BlobFS

BlobFS is a content-addressable filesystem optimized for write-once, read-often files, such as binaries and libraries. On Fuchsia, BlobFS is the storage system used for all software packages.

When mounted, BlobFS presents a single logical directory containing all files (a.k.a., blobs):

blob/
 ├── 00aeb9b5652a4adbf630d04a6ca22668f9c8469746f3f175687b3c0ff6699a49
 ├── 01289d3e1d2cdbc7d1b4977210877c5bbdffdbad463d992badc149152962a205
 ├── 018951bcf92091fd5d294cbd1f3a48d6ca59be7759587f28077b2eb754b437c0
 └── 01bad8536a7aee498ffd323f53e06232b8a81edd507ac2a95bd0e819c4983138

Files in BlobFS are:

Immutable: Once created, a blob cannot be modified (except removal).
Content-Addressable: Blob names are deterministically derived from their contents.
Verified: Cryptographic checksums are used to ensure integrity of blob data.

These properties of blobs make BlobfS a key component of Fuchsia's security posture, ensuring that software packages' contents can be verified before they are executed.

Design and implementation of BlobFS

On-disk format

BlobFS stores each blob in a linked list of non-adjacent extents (a contiguous range of data blocks).

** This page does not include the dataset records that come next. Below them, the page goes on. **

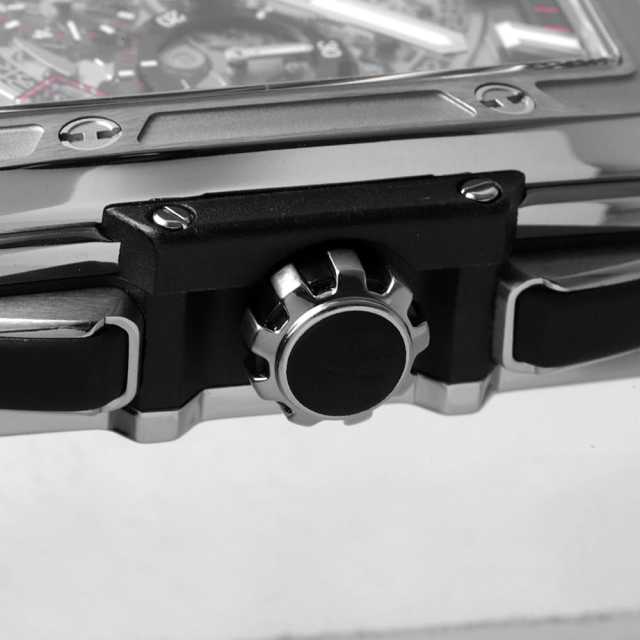 ウブロ スピリットオブビッグバン 601.NX.0173.LR メンズ 中古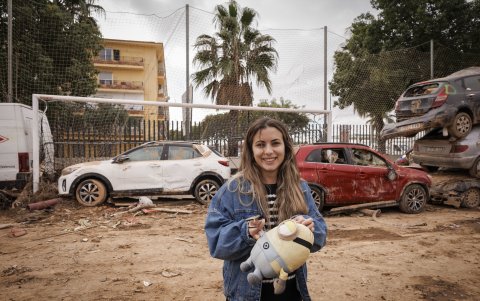 Alba Tatay, de 33 años, natural de Benetússer, se ha acercado a ver su coche apilado junto a otros en la localidad valenciana de Benetússer.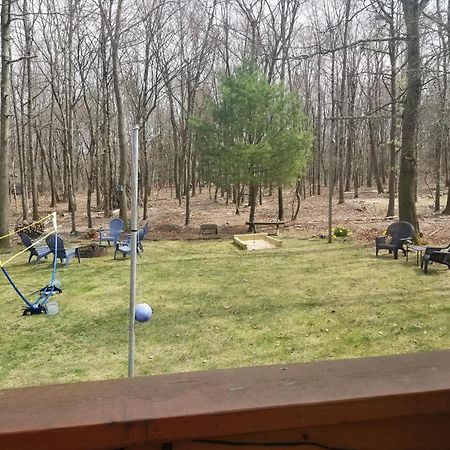 Serenity And Fun All In One In This Cozy Pocono Cabin Jim Thorpe Bagian luar foto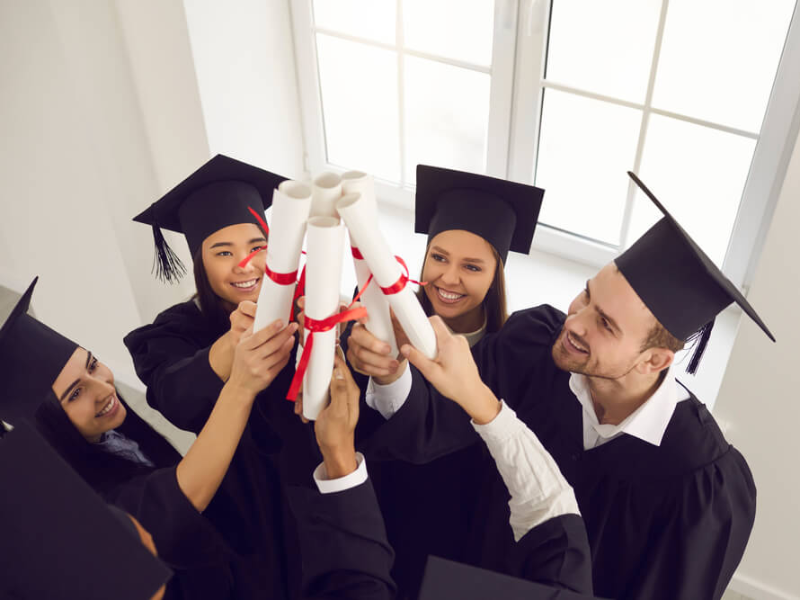Du học Mỹ sau khi tốt nghiệp đại học: Cơ hội hay thách thức lớn?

Each blob has an associated Inode, which describes where the block's data starts on disk and other metadata about the blob.

BlobFS divides a disk (or a partition thereof) into five chunks:

The Superblock storing filesystem-wide metadata,
The Block Map, a bitmap used to keep track of free and allocated data blocks,
The Node Map, a flat array of Inodes (reference to where a blob's data starts on disk) or ExtentContainers (reference to several extents containing some of a blob's data).
The Journal, a log of filesystem operations that ensures filesystem integrity, even if the device reboots or loses power during an operation, and
The Data Blocks, where blob contents and their verification metadata are stored in a series of extents.

BlobFS disk layout

Figure 1: BlobFS disk layout

Superblock

The superblock is the first block in a BlobFS-formatted partition. It describes the location and size of the other chunks of the filesystem, as well as other filesystem-level metadata.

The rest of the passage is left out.